Nie wiecie? To poczekajcie kilka minut i zauważycie że w grze zmieniają się pory dnia. Mało tego, część lokacji i zadań zaliczymy tylko w nocy. Okami jest grą pełną niespodzianek, pełną możliwości, pełną wszystkiego, a zwłaszcza farby, na dodatek wszystko to zostało zrobione z umiarem, pewnie nawet zgodnie z Feng Shui. Bogactwo kulturowe Japonii jakie znalazło się na tej małej płycie przechodzi wasze najśmielsze oczekiwania, a na koniec całego podniecania powiem, że nagrywając muzykę do gry twórcy chyba cofnęli się w czasie jakieś 500 lat, bo czegoś tak wspaniałego moje uszy jeszcze nie słyszały. Ja już nie wyłączam konsoli, nie słucham radia, przechodzę tylko pomiędzy planszami i zostawiam telewizor włączony na cały dzień, by moje uszy tak długo jak tylko mogą cieszyły się dźwiękami tej pozycji, i aby zapamiętały najpiękniejsze melodie jakie dane im jest tylko słyszeć, oczu już nie zamykam, żeby obrazy z gry wypaliły mi się na siatkówce, a jak jem obiad to sos maluje sobie pędzlem. Okami zawładnęło moim życiem. Waszym też zawładnie, więc gdy tylko nadarzy się okazja sprzedajcie pralkę, teściową, cokolwiek aby starczyło wam na egzemplarz tej gry.
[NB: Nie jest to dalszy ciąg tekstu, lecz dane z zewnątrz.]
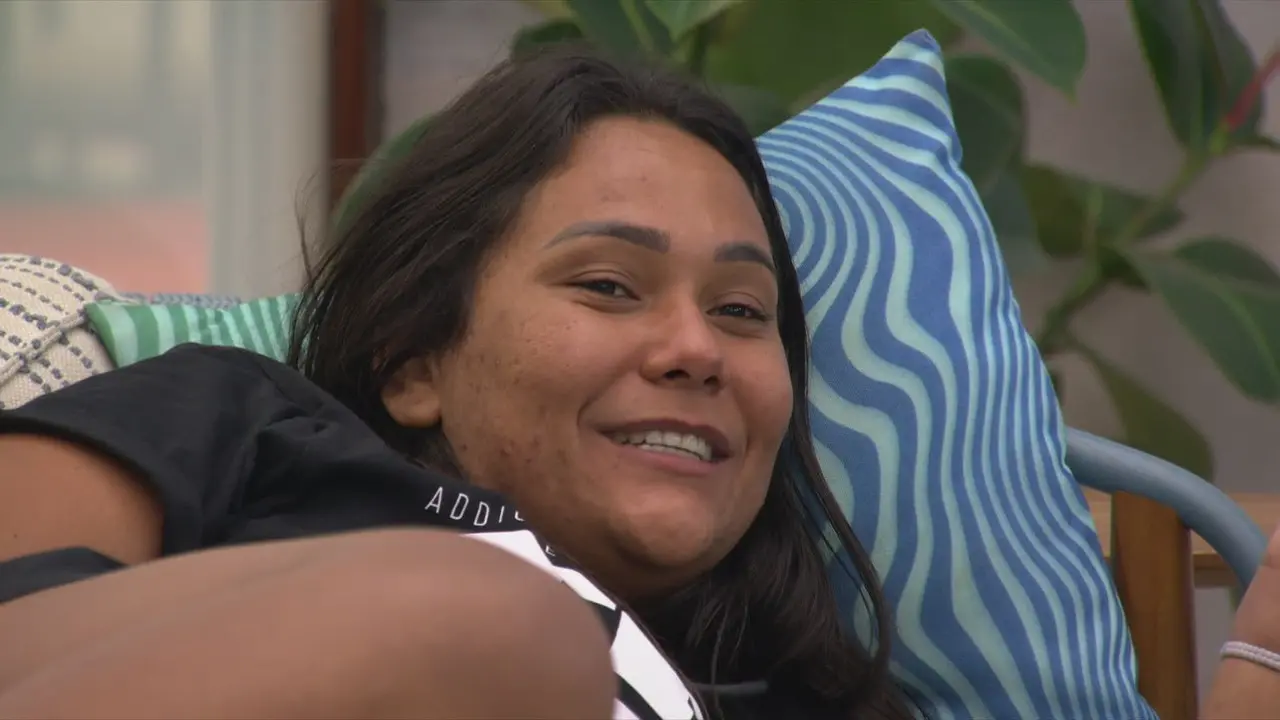 Pessoa deitada em sofá com almofadas estampadas, em área interna, posicionada de lado e olhando em direção à câmera.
Ja tymczasem idę jej zbudować ołtarzyk przed moim domem …

One thought on “Recenzja Okami

  1. Valkiria

    hejka bardzo spodobała mi się ta gra czytałam nawet o nej na kilku stronkach tylko że nie wiem gdzie ją kupić(gre)prosze POMÓŻ!!!!!!!!!!!!!!!!!!!!!!!!!!!!!!!!!